Dafydd Elis-Thomas is one of those national figures who seems to have always been hovering somewhere in the background of my life. Growing up in a Plaid Cymru household, I remember the strange dizziness of it all: holding a genuine affection for the man, even a sense that he occupied a special place in our national story, while at the same time finding him utterly infuriating.
I didn’t really know Dafydd El personally, but I did have the privilege of meeting him and enjoying conversation with him on a handful of occasions. He was unfailingly charming, impressively intelligent, and extraordinarily well read—including philosophy and theology, which naturally caught my attention. Long before reading this book, I had come to think of him as a walking paradox. Nation Builder fixes that paradox in black and white, preserving it for time immemorial.
Aled Eurig has produced a biography that is genuinely easy and engaging to read. There is no sense of ploughing through unnecessary or tedious detail. Instead, what is included is there for a reason: revealing anecdotes, entertaining asides, and moments of subtle but real national importance.
On a more personal note, I was unexpectedly entertained to find two references to my father in the book. One quotes a letter he wrote to Dafydd El in the early 1980s, encouraging him and the local Plaid Cymru organiser, Elfed Roberts, to make peace. The other jumps forward more than forty years, to a time when Dafydd was Culture Minister and my father was Chief Executive of the National Library of Wales. Aled Eurig credits my father as being one of the very few people who ever truly had his way with Dafydd on a policy and funding matter.
The opening chapter, which explores his childhood upbringing in a 1950s nonconformist chapel as the son of a minister, is particularly eye-opening. As a minister myself today, I find it hard to fathom just how different that world was. Nonconformity has lost the social and cultural grandeur it possessed in mid-twentieth-century Wales. And yet, despite being a much smaller outfit now, I can’t help feeling that we are healthier for it.

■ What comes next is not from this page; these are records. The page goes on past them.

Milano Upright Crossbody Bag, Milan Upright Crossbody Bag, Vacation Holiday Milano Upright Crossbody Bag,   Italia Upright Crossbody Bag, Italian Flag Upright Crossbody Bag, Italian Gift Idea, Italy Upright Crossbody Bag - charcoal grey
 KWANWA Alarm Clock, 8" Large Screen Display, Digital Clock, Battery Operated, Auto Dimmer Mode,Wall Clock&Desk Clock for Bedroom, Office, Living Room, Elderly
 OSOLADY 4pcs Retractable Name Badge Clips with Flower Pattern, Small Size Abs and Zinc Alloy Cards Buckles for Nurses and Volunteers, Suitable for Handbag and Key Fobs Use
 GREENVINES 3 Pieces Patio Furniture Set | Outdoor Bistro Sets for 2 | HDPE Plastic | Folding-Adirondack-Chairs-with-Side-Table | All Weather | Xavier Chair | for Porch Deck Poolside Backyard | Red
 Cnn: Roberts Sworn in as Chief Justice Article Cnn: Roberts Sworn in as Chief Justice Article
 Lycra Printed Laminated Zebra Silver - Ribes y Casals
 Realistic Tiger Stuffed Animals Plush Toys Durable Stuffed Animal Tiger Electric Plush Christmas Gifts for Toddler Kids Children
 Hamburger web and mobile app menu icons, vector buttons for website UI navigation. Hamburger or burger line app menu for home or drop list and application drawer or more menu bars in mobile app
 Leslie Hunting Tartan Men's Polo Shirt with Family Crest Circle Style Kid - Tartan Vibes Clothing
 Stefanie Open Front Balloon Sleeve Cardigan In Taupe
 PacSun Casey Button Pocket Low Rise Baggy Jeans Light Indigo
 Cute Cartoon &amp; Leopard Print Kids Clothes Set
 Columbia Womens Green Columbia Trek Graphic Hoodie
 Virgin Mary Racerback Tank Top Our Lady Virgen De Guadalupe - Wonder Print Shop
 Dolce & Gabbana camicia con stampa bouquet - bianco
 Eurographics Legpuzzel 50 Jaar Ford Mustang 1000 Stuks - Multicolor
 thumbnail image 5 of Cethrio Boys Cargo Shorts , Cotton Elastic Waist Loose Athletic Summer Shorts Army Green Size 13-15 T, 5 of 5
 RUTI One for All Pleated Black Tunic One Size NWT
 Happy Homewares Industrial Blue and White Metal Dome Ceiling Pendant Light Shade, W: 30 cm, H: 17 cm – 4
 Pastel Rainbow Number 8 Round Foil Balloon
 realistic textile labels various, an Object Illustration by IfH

One thought that stayed with me throughout the book is that Dafydd El’s life and wildly varied career only really makes sense when understood as both an appreciation of, and a reaction against, nonconformity. A paradox, yes—but paradox is precisely what Dafydd was from start to finish.
The book closes on a rather sad note, chronicling his final fallout with Plaid Cymru and his failure to rejoin the party towards the end of his life. He was unwilling to submit to the normal re-admission process required of members who had previously brought the party into disrepute. He seems to have felt that he should be welcomed back without due process because, well—he was Dafydd El. It’s classic Dafydd: audacious, self-assured, and ultimately self-defeating. Because of this, his story lacks the redemptive arc he appeared to be seeking in retirement.
By the end, the book reminded me exactly why Dafydd so often drove me to distraction. But it also reminded me of something else. He was our Dafydd. And despite everything, I can’t help but love the man. Nation Builder is a fine biography of a true character—one who belongs to the Wales that raised me. Diolch.